In that regard, an error is manifest where it is easily recognisable and can be readily detected, in the light of the criteria to which the legislature intended promotion decisions to be subject. Consequently, in order to establish that the administration committed a manifest error in assessing the facts such as to justify the annulment of a decision, the evidence, which it is for the applicant to adduce, must be sufficient to make the findings of the administration implausible. In other words, a plea alleging a manifest error must be rejected if, despite the evidence adduced by the applicant, the contested assessment may still be accepted as true or valid.

(see paras 61, 62)

See:

Judgments in AC v Council, F‑9/10, EU:F:2011:160, paras 22 to 24, and Nieminen v Council, EU:F:2014:50, para. 59

7.      According to the principle laid down in Article 5 of the Staff Regulations that the duties must be equivalent to the grade, officials and other staff in the same grade are supposed to hold posts involving equivalent responsibilities. Consequently, when considering the comparative merits of officials eligible for promotion, the administration must take account of the level of responsibilities exercised by such an official where they exceed those normally conferred on an official in his grade.

(see para. 66)

See:

Judgment in Merhzaoui v Council, F‑18/09, EU:F:2011:180, para. 59

8.      Although the appointing authority is not obliged to give reasons for its promotion decisions to candidates who have not been promoted, it is, however, obliged to state the reasons for its decision rejecting a complaint lodged by a candidate who has not been promoted against the decision not to promote him, the statement of reasons for that rejection being deemed to be the same as the statement of reasons for the decision against which the complaint was directed.
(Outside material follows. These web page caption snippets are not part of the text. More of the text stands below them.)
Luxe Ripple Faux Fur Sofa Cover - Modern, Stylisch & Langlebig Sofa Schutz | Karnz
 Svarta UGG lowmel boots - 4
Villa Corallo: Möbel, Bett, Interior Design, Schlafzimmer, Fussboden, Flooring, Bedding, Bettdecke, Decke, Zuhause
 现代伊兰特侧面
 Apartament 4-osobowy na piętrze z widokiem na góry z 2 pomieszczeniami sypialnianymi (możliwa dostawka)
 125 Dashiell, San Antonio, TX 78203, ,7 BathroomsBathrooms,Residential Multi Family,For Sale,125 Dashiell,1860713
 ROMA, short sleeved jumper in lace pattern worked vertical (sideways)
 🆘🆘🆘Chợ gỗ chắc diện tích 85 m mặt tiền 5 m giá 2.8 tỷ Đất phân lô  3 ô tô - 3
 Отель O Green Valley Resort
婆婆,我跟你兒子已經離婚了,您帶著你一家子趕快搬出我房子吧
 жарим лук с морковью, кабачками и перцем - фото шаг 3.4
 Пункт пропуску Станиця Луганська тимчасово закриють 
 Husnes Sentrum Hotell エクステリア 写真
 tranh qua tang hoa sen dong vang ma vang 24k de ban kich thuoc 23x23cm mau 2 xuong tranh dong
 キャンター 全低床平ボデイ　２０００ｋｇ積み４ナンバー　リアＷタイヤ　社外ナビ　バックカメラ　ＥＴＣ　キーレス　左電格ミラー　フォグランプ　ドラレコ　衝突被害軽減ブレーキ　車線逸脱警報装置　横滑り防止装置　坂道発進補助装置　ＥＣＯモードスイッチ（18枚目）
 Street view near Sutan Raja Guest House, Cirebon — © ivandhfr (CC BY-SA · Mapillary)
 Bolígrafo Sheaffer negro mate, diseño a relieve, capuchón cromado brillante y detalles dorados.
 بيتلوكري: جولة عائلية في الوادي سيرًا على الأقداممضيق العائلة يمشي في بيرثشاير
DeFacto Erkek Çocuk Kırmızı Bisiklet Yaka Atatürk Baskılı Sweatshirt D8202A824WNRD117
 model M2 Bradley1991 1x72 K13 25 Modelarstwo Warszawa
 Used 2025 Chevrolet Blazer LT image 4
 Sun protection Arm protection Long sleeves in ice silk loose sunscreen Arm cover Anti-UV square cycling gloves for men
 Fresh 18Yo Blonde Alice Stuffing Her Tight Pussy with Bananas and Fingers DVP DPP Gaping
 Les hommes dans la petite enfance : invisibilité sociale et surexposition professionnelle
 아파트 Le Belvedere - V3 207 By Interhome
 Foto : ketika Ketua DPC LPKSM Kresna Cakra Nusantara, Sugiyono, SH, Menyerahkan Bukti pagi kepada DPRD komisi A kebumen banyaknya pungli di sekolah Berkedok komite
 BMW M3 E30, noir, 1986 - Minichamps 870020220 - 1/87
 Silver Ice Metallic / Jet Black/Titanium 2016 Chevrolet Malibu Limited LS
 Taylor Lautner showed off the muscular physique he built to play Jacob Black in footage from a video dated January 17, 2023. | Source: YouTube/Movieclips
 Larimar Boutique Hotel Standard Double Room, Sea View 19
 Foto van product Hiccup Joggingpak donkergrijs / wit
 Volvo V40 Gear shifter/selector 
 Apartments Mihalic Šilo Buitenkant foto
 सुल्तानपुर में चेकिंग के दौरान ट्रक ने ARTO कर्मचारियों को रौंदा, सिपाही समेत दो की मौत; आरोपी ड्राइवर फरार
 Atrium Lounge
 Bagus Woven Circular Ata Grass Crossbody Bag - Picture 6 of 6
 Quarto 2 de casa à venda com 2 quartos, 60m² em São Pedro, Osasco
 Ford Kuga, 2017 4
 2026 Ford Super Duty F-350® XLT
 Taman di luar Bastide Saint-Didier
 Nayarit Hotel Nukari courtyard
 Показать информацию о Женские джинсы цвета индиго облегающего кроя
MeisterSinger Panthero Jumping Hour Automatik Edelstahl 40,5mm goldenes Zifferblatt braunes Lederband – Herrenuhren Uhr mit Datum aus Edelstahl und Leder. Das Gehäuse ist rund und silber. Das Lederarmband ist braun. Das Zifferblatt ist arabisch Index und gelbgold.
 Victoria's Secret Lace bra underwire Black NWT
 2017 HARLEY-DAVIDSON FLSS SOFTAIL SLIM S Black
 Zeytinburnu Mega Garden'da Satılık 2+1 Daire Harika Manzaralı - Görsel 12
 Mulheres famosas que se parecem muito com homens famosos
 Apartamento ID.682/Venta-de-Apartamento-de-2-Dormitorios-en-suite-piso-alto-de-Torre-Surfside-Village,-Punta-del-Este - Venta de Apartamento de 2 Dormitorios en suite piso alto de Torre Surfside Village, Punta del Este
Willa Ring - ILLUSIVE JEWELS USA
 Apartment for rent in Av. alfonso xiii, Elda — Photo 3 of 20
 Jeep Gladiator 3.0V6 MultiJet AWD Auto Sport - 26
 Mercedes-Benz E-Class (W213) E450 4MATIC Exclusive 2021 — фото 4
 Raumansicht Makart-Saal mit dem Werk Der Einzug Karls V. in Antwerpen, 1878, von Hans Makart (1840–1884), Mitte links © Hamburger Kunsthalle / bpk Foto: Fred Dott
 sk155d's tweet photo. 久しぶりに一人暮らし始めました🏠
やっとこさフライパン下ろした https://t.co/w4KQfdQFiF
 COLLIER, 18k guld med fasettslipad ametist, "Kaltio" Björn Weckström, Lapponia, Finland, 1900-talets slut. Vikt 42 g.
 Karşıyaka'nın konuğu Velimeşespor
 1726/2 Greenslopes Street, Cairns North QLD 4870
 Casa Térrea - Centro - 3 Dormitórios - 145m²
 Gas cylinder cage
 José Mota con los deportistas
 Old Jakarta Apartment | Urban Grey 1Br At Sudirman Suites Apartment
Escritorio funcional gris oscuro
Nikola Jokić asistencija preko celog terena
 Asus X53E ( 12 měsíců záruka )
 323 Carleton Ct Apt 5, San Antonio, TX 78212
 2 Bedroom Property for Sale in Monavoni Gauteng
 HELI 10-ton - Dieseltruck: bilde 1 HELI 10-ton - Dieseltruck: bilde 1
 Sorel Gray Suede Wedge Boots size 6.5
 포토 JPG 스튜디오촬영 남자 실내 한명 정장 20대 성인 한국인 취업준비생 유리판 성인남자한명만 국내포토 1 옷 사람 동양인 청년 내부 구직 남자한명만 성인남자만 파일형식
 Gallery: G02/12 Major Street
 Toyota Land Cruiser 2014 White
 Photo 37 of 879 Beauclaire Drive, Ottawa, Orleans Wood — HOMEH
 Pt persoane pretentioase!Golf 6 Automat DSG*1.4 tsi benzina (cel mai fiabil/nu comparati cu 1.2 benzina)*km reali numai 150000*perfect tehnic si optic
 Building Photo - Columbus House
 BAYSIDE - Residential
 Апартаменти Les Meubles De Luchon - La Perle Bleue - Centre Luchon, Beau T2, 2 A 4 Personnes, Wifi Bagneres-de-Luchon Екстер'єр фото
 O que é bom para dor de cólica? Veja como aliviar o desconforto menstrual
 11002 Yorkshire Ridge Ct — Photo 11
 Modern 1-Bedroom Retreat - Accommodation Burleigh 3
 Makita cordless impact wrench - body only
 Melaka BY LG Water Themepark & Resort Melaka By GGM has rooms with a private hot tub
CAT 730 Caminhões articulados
In that connection, the adequacy of the statement of reasons is to be assessed in the light of the fundamental elements of the arguments to which the institution replies. Since promotions are made by selection among the officials concerned, in accordance with Article 45 of the Staff Regulations, it is enough that the reasons given for the rejection of the complaint relate to the application of the conditions governing promotion laid down by law and the Staff Regulations to the official’s individual situation.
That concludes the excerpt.